Failover
Use a failover policy to determine where to reroute traffic in case of failure.
About
Failover is an important part of building resilient apps in multicluster environments. You set up locality-aware failover by specifying regions, zones, and subzones to reroute traffic. In the event of a failure in the closest locality, responses can be served from the next closest locality.

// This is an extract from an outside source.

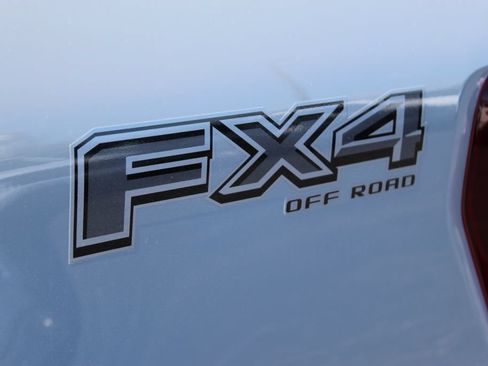 New 2026 Ford F150 XLT w/ Equipment Group 302A MID AWD/4WD image 6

Failover with other policies
You can use failover, outlier detection, and retry timeout policies together to build a more resilient application network. For example, an outlier detection policy can remove unhealthy destinations, a failover policy can redirect traffic to healthy destinations, and a retry policy can retry requests in case of failure. Review the following table to understand what each policy does.
Policy | Purpose |
---|---|
Failover | Choose destinations to re-route traffic to, based on the closest locality. |
Outlier detection | Determine when and for how long to remove unhealthy destinations from the pool of healthy destinations. |
Retry timeout | Decide how many times to retry requests before the outlier detection policy considers the request as failing and removes the service from the pool of healthy destinations. |
Locality settings
To fine-tune traffic flow according to your operational needs, Istio has several locality settings that you can use. Review the following table to understand these settings and how to use them. These settings are mutually exclusive, so choose the best one for your use case. For more information, see the Istio docs for LocalityLoadBalancerSetting
and locality failover.
Istio locality settings | Description | Usage Case | Configuration in Gloo FailoverPolicy |
---|---|---|---|
distribute | Controls the percentage of traffic sent to endpoints in specific localities. You can set specific load balancing weights across different zones and regions. | Distribute traffic based on locality to enhance user experience in terms of performance, or to manage the load across resources more efficiently. Note that this setting does not fail over traffic, but instead distributes traffic. | In the localityMappings.to section to specify a region or zone to distribute traffic to, set a weight field. The weights should add up to 100 across all the localities included in the mapping. For more information, see the example. |
failover | Specifies an alternative region to redirect traffic to when local endpoints become unhealthy. | Increase high availability and resilience by ensuring traffic is served from the next best locality on failure. Note that this setting does not distribute traffic, but instead redirects traffic in case of failure. | Use the localityMappings to specify the regions to fail over traffic to. Do not include a weight , which changes the setting to the Istio distribute load balancing setting. Apply an OutlierDetectionPolicy along with the FailoverPolicy so that unhealthy destinations are removed from the pool of available destinations. For more information, see the example. |
failoverPriority | Sorts endpoints based on labels to prioritize traffic routing in case of multiple zonal, regional, or other failures. | Use for more complex setups to prioritize traffic across multiple clusters or regions based on specific labels. | Use the priorityLabels section to specify the matching labels. You can include only the label key, or both the key-value pair for more exact matching. Apply an OutlierDetectionPolicy along with the FailoverPolicy so that unhealthy destinations are removed from the pool of available destinations. For more information, see the example. |
Failover priority
In Gloo Mesh Enterprise 2.5.5 or 2.6 and later, you can set up failover priority. Failover priority is an Istio locality setting that you configure in a FailoverPolicy with the priorityLabels
option.
When a destination becomes unhealthy, the traffic fails over to the next healthy destination based on the priorities that you set. If that destination becomes unhealthy, the traffic fails over to the next prioritized healthy destination, and so on. If one of the previously unhealthy destinations becomes healthy again, traffic resumes to that destination.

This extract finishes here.